This past year has been one of difficulty and newfound joys.
Difficulties have by and large been university related, along with the ways that university affects all other areas of my life. The lethargy of sitting so much as a student, the busy pace of city life, living in a cramped basement apartment with very little natural light, and not having the close knit strong christian community that I had in Muskoka, where people there did life together really well…. all of those things had a compounded impact on my overall health and personality this past year.
Joys have included biking all over the city, runs and walks on woodbine beach, making and also refinishing discarded furniture into something beautiful and practical. I refinished a table left on the curb that served well as our kitchen table. Nyima helped me make my own custom bed frame out of old barn boards, as well as several gorgeous shelves. I met Nyima while slacklining at a park, and we became fast friends and… yes, eventually more. We went on many adventures together and I discovered a man who it is so natural and easy to do life with. Someone I can work alongside, play with and who has the strength to make it through the tougher situations with me. I am blessed to have him in my life and excited to see where God leads us and our relationship.
This past fall, while in my third year at Ryerson, I developed a gluten and dairy intolerance. It was during my most difficult and stressful semester at school, and I believe the combination of excess stress, not eating as clean and healthy as I normally did, and not getting enough exercise or space to care for my spiritual and emotional needs…. it all contributed to my gut health being compromised. Having never had any food allergies in my life, this was a tough one to come to terms with and navigate, as I have had to drastically change my diet eating habits. I know many people reading this can probably relate. We often take our health for granted until it is suddenly no longer 100%!
I came out to work at the lumber mill in Fort St James, BC. Apollo Forest Products. This is actually the village I was born in, and it hasn’t changed much since my childhood. It is the one place from my childhood that I have to go back to, and it has been a neat experience, returning to my literal roots where my mother and sister have also moved back to. I lived with and was able to be a support to my elderly grandparents with limited mobility and who really needed the extra help of a young strong person around their house and property. They were gracious enough to share their car with me so I could get to work and back. When I wasn’t cooking, cleaning or doing gardening and yard work, I had the joy of hiking up the mountain alone, building a shelter, swimming and getting some fishing in. Lots of my free time was spent alone, or around my grandparents. Not easy by any means, but a nice change of pace from living in Toronto. I realized that I desperately needed to be out in the wilderness and to breathe fresh mountain air. That is until the forest fires started raining down ash and blanketing our village in smoke!

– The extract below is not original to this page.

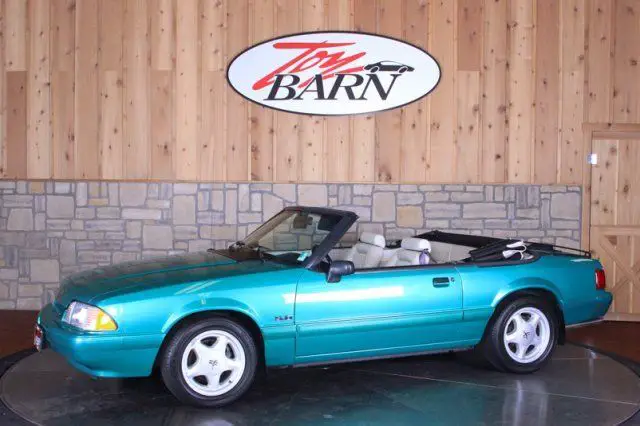 1993 Ford Mustang LX Convertible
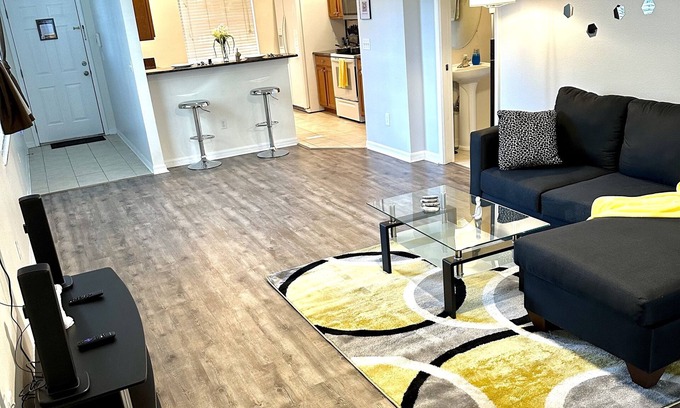 Port Tampa City House | 2 Level Home Central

My family, along with most of the Fort St James residents, evacuated over the last few days. It meant losing my last two weeks of work in the mill, which is a significant financial hit I was not expecting, but I know that God will provide for me regardless. I booked a new flight so that I can head back to Toronto earlier, which will be a blessing because I will have a whole week to pack up my apartment, instead of just 1 day, as was the previous plan! Here I sit in smokey Prince George, a registered evacuee, safely away from the harm of an unconfined and uncontrollable wildfire, and changing my plans as circumstances beyond my control unfold.
From September onwards my plan is uncertain. I am taking a break from university to focus on getting my health back in every dimension of my being. While I found 15% of what I learned at university valuable, a lot of it was a waste of my mind, time, money and energy. It also was not worth the toll it took on my emotional, mental, physical and spiritual health. I decided that I need to get back to doing the things that bring me life, so that I am living fully alive and as the woman God made me to be. Only then can I pour into others the gifts and love God has poured out onto me. This break and focus on recovering my health involves minimizing stress as much as possible. Part of this means moving out of Toronto for a season and back to Muskoka, Ontario.
IRELAND, here I come! Part of becoming “me” again involves feeding the adventurous travel loving side that has always wanted to visit Ireland and discover the heritage of my Doyle clan, of which I am 1/4 Irish. It would be amazing if I could meet some of my distantly related Doyle relatives! In October I go for 13 days. I have my flight booked and a car rental reserved and I am so excited for this solo road trip in a foreign land. I’ve waited for 10 years to do this trip, always hoping to find someone to go with me, and I finally decided that I am done waiting. I enjoy my own company enough to go alone, make new friends along the way, and sit in the company of strangers with beautiful accents.
My return will involve me finding work that hopefully involves using my giftings and doing something that is life giving. I will also need to figure out my living situation in Muskoka. There are a lot of uncertainties, but I feel total peace because my trust is in the one who has always guided my steps, protected me, provided for me, and led me to meet some of the most beautiful people and life long friends. My trust is in the most trustworthy person in existence, and I feel so safe knowing that my life is in God’s hands, and His hands alone.